• **DATA TO USE**
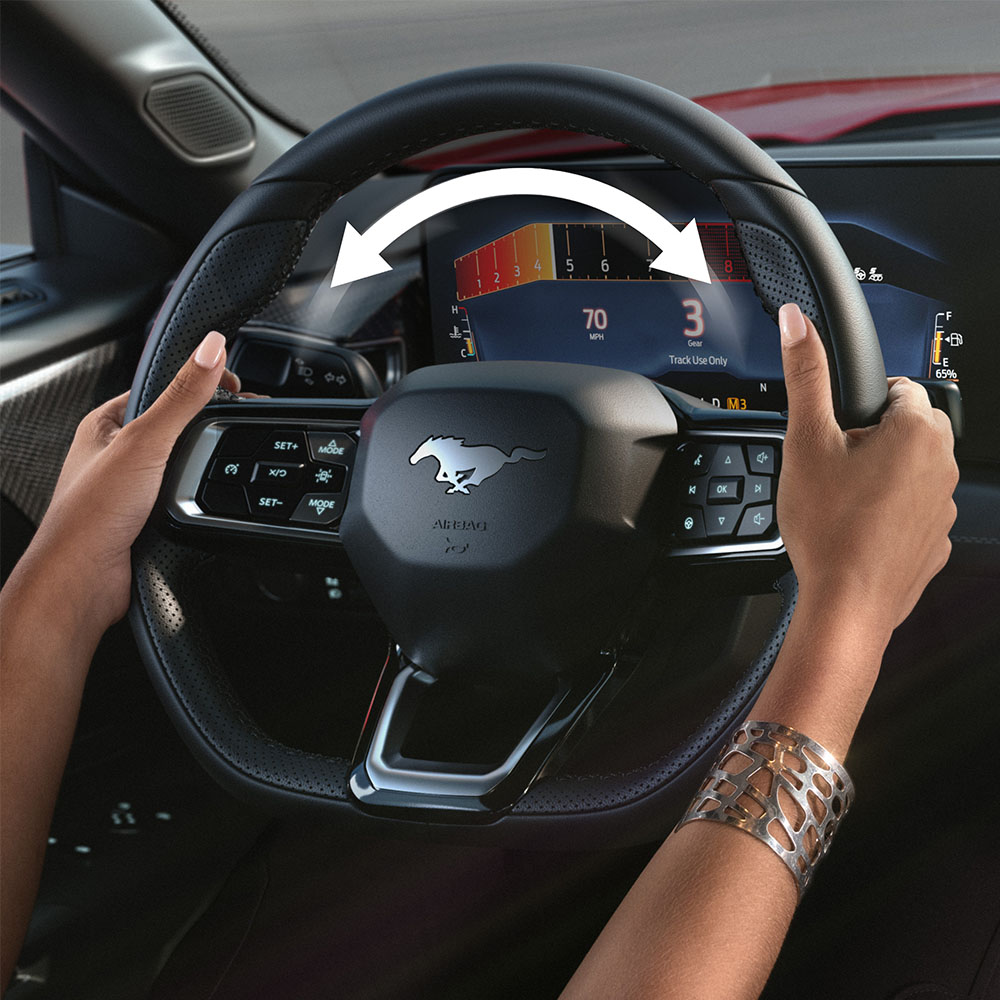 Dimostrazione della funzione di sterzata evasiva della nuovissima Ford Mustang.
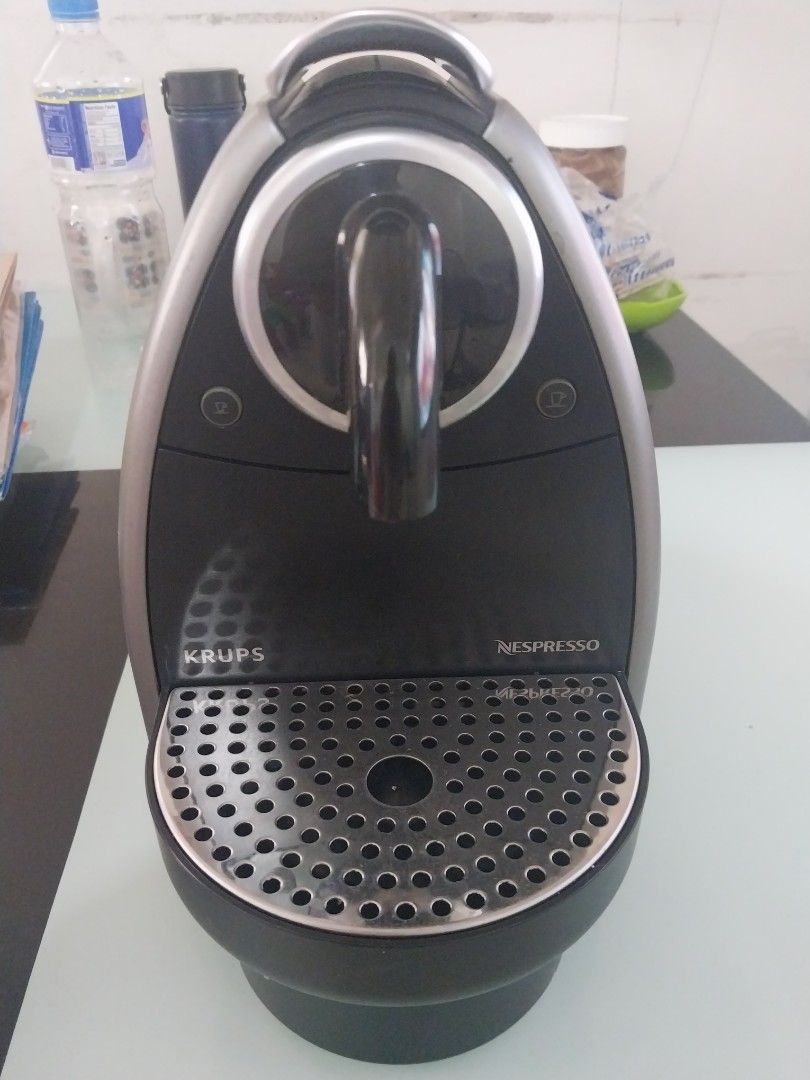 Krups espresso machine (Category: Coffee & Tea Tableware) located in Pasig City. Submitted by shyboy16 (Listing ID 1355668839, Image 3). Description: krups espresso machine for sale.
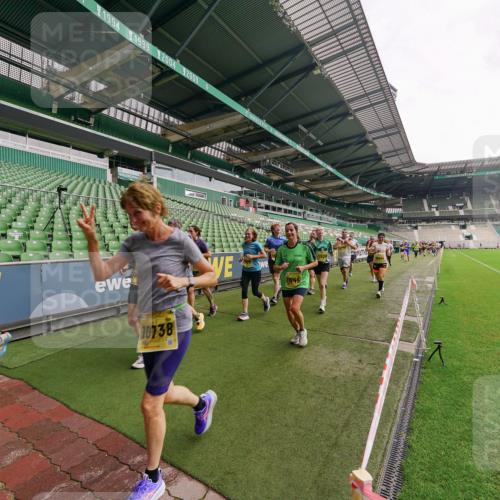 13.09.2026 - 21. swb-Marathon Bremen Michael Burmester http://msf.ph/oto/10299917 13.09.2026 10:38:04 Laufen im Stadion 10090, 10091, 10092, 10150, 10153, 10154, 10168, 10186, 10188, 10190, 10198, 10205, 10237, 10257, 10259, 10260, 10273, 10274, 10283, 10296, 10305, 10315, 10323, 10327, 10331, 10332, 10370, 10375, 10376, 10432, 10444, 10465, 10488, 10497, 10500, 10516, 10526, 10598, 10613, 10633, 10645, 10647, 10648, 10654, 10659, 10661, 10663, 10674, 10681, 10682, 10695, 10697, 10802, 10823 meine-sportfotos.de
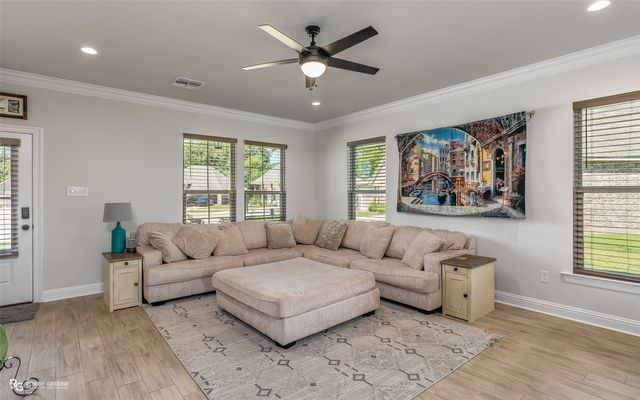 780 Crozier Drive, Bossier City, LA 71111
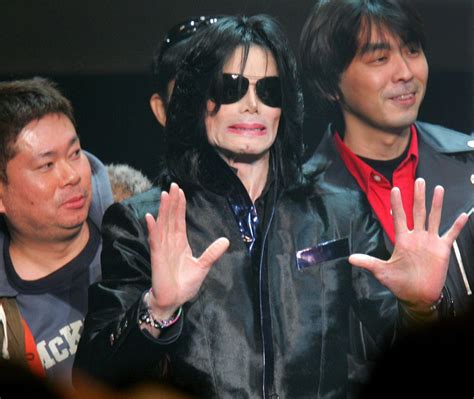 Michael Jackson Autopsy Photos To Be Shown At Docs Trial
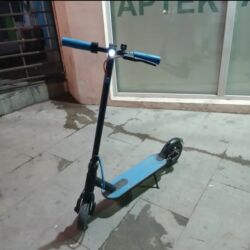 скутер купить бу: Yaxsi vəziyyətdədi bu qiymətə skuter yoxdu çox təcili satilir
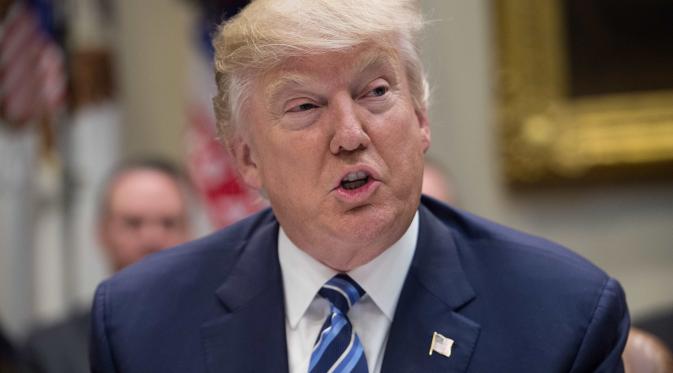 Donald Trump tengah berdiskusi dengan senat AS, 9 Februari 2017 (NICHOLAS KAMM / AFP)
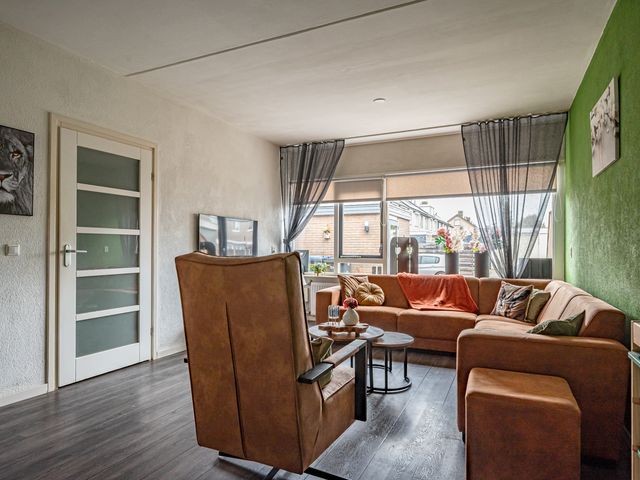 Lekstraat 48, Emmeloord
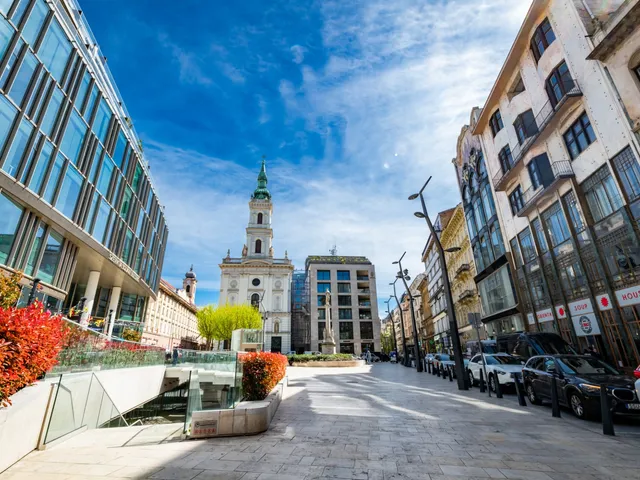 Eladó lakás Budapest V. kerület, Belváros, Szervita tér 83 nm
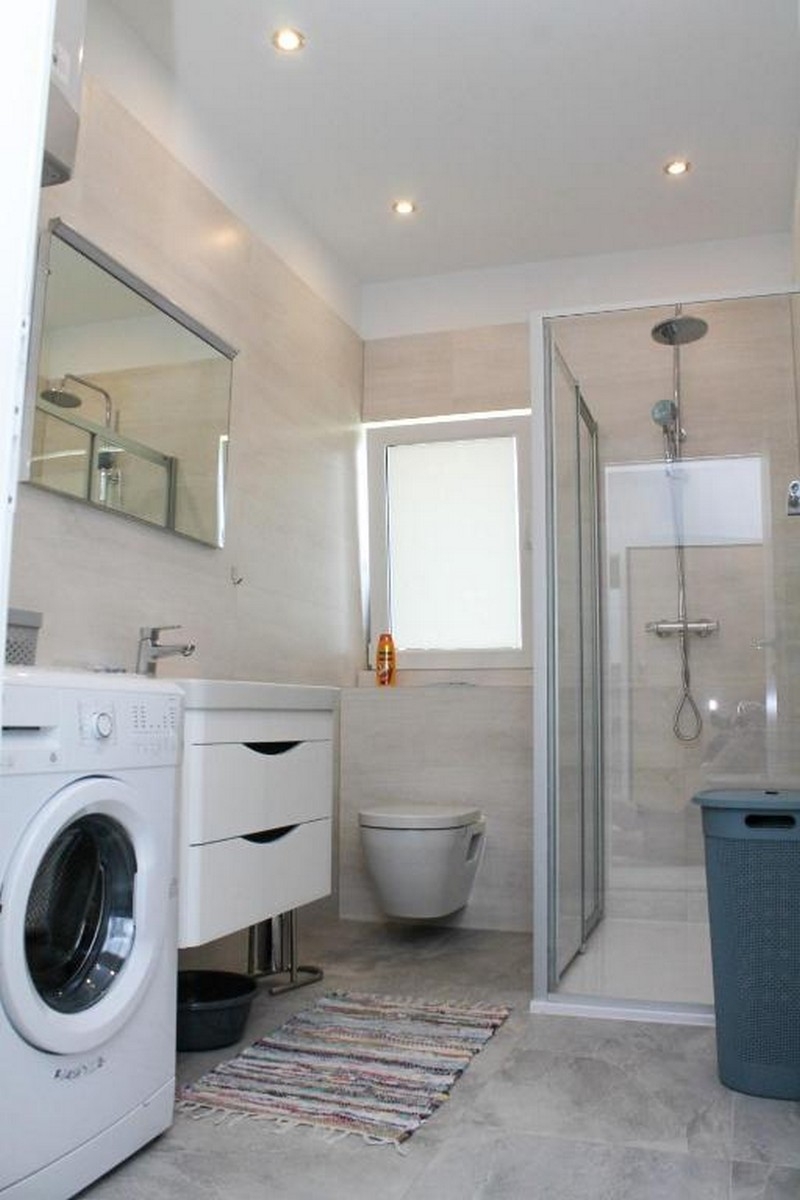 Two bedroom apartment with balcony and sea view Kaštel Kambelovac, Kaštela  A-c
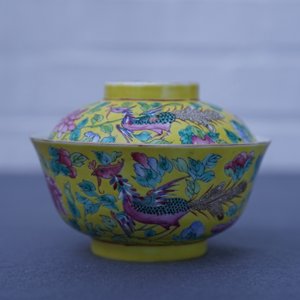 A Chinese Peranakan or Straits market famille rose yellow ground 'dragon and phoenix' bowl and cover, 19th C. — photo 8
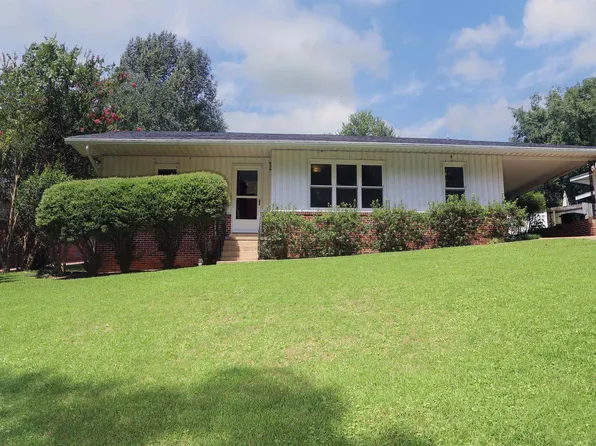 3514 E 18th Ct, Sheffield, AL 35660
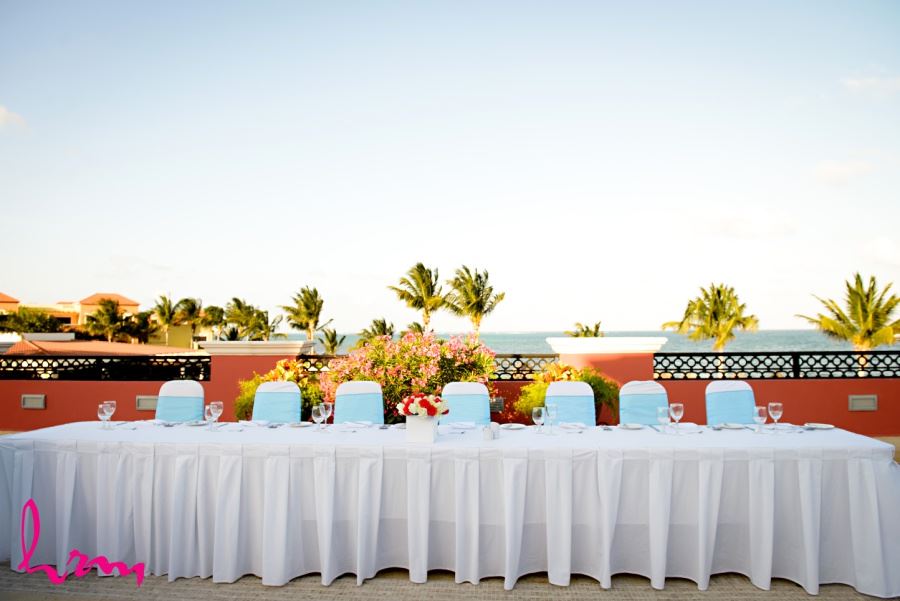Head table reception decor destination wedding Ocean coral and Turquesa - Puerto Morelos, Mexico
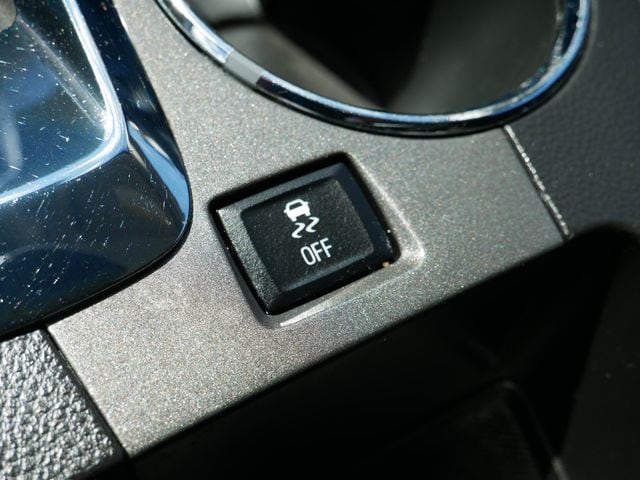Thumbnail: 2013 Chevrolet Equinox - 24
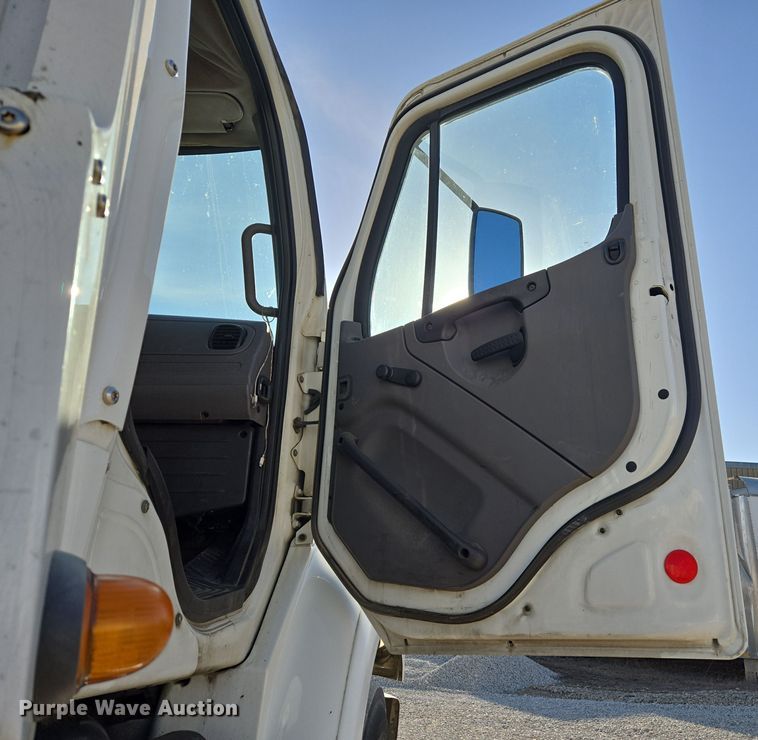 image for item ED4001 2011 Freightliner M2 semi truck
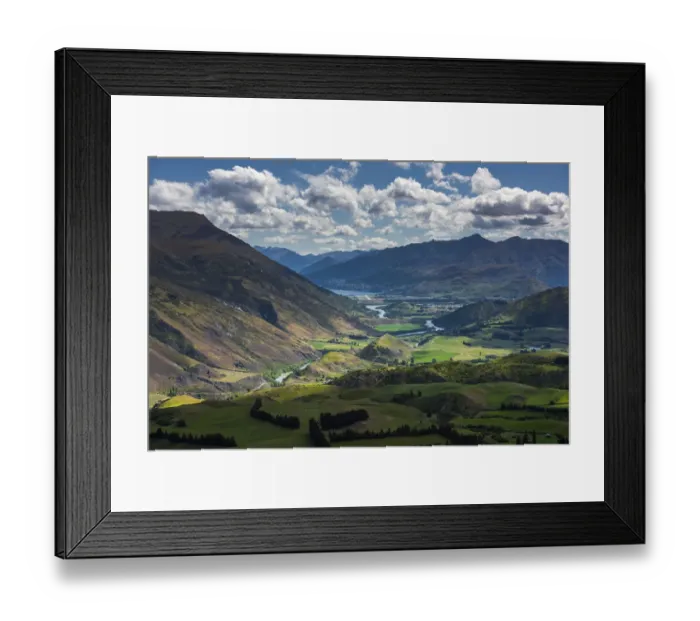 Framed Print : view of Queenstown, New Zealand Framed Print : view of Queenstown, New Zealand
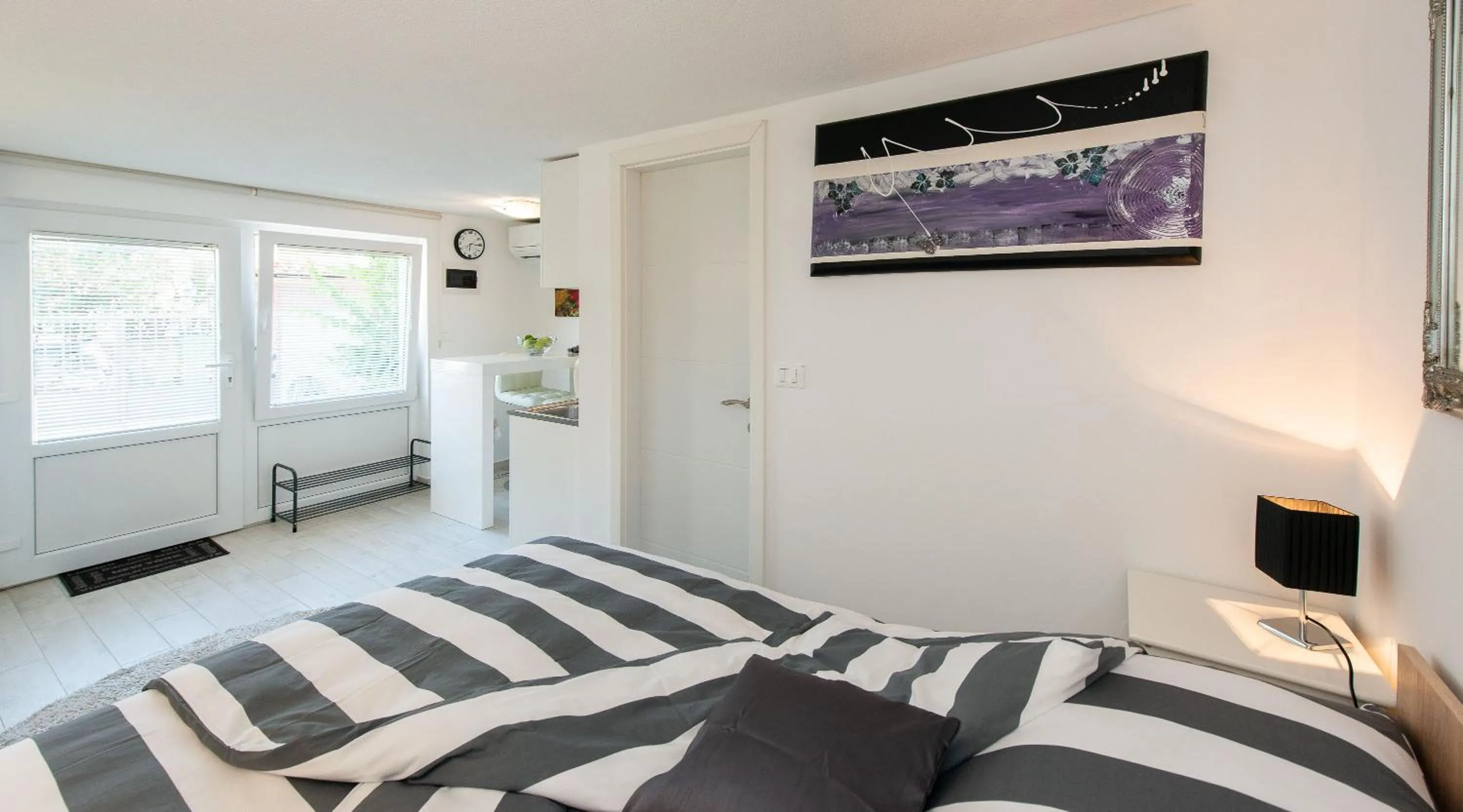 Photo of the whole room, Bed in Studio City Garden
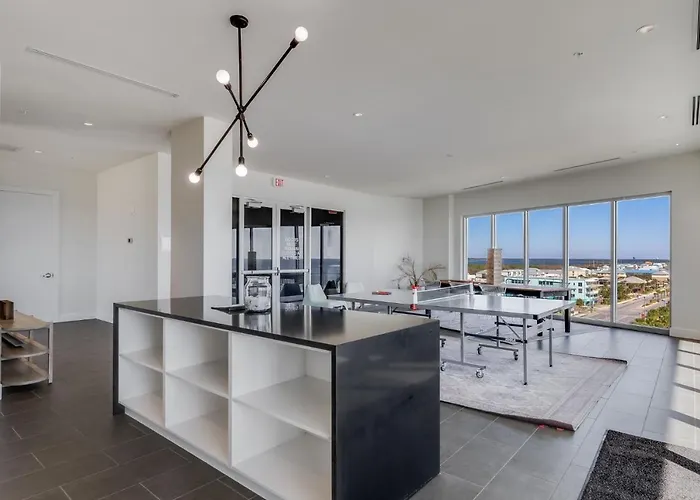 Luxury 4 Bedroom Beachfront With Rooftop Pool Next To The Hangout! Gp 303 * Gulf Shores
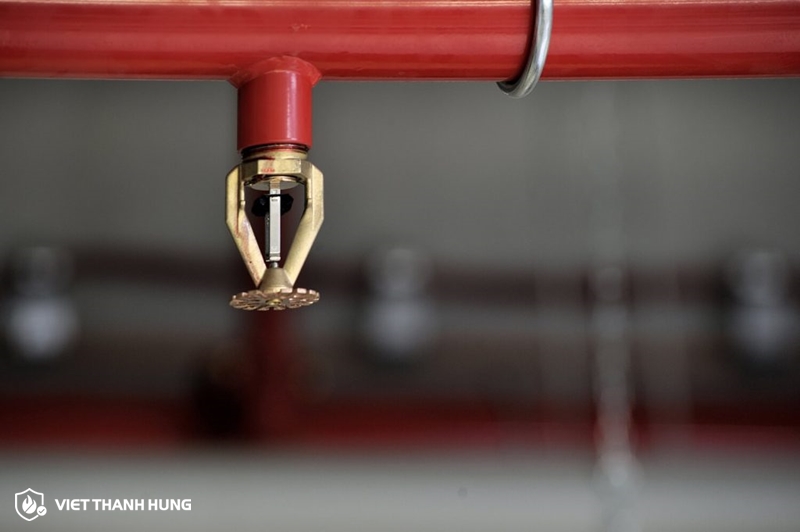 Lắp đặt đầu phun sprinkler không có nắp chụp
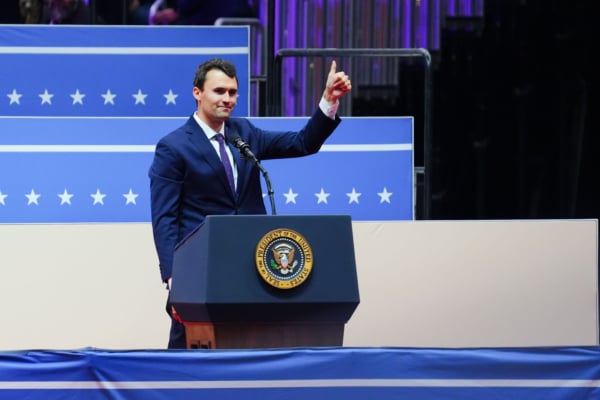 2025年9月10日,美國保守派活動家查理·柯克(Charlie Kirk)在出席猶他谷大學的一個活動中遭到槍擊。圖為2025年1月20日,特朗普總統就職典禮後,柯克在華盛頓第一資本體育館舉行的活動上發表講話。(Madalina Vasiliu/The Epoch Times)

• **EXERCISE AIM**
Please set down, exactly and with nothing added, the lines from the line with "Head table reception" to the end of the entries above, omitting pictures.

• **WRITTEN SOLUTION**
Head table reception decor destination wedding Ocean coral and Turquesa - Puerto Morelos, Mexico
Thumbnail: 2013 Chevrolet Equinox - 24
 image for item ED4001 2011 Freightliner M2 semi truck
 Framed Print : view of Queenstown, New Zealand Framed Print : view of Queenstown, New Zealand
 Photo of the whole room, Bed in Studio City Garden
 Luxury 4 Bedroom Beachfront With Rooftop Pool Next To The Hangout! Gp 303 * Gulf Shores
 Lắp đặt đầu phun sprinkler không có nắp chụp
 2025年9月10日,美國保守派活動家查理·柯克(Charlie Kirk)在出席猶他谷大學的一個活動中遭到槍擊。圖為2025年1月20日,特朗普總統就職典禮後,柯克在華盛頓第一資本體育館舉行的活動上發表講話。(Madalina Vasiliu/The Epoch Times)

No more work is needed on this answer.